A data lake can have the data in both its raw format and transformed clean format.  But sound governance policies must also ensure that the user is able to access and share the relevant data in a protected fashion.

Security & Sharing: 

Another important part of effective data governance is data protection and sharing. Since the Amorphic platform is based on top of AWS architecture, it ensures the standard AWS security benefits which leads to increased end user data privacy at a lower cost. All the datasets are stored in highly secure AWS data centers. Data at rest and data in motion are encrypted in Amorphic Data. In terms of sharing, it is important to implement role-based security in a data lake. Role-based security is an approach to restricting system access to authorized users. But a data lake should be able to support all users and thus should have a user access management system with users, groups and domain-level access to share data with different team members across different locations in a secure fashion. On top of encryptions and access controls, a data lake should have a procedure to pro-actively scan all the customer datasets in it for any protected infromation. Amorphic data uses AWS Macie for the security scans on its datasets. Effective security in the end also involves effective logging and reporting capabilities. A data lake can use a wide variety of AWS services internally and each of these services should be logged and monitored. Amorphic Data uses AWS Cloudwatch for logging and monitoring and AWS Cloudtrail to gather and store audit logs of API access related information. All this provides for security and governance required to access the user’s data.

Metadata management: 

Matadata management is a central part of achiveing effective data governance in data lake architecture. Thus, an efficient metadata management system is regarded as an essential component of successful data lake as it also prevents a data lake from truning into a “data swamp”.  It is important that a data lake does not become a swamp because then it will not only lead to security issues but also reduce its usage over time.
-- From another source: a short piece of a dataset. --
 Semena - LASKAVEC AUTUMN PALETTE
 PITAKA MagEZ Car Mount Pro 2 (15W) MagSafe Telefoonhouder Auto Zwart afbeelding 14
This requires metadata to be stored with raw data and kept inside the lake until queries arise. So a metadata repository that registers high-level information about data entities is an essential component of a robust data lake strcuture as it alleviates the problem of incomprehensibility of the data. But due to sheer volume and variety of the data it cannot totally prevent it. 

Amorphic Data addresses this challenge by providing different metadata management system for different types of data:

    1. For structured/semi-structured data:  Amorphic Data contains information about the schema of the data so that the data can be transformed into a queryable data object when required.
    2. For unstructured data, it allows the integration of different AWS AI services and provides a guarded interface to the user, so that unstructured data can be analyzed and queried and converted into a structured data object.

Amorphic Data has a flat architecture that addresses these challenges systematically and provides a self-service user interface that starts with basic schema for structured data and no schema for unstructured data.  You can query the datasets and transform them into a defined schema structures and track the various stages of datasets that gets generated in the process.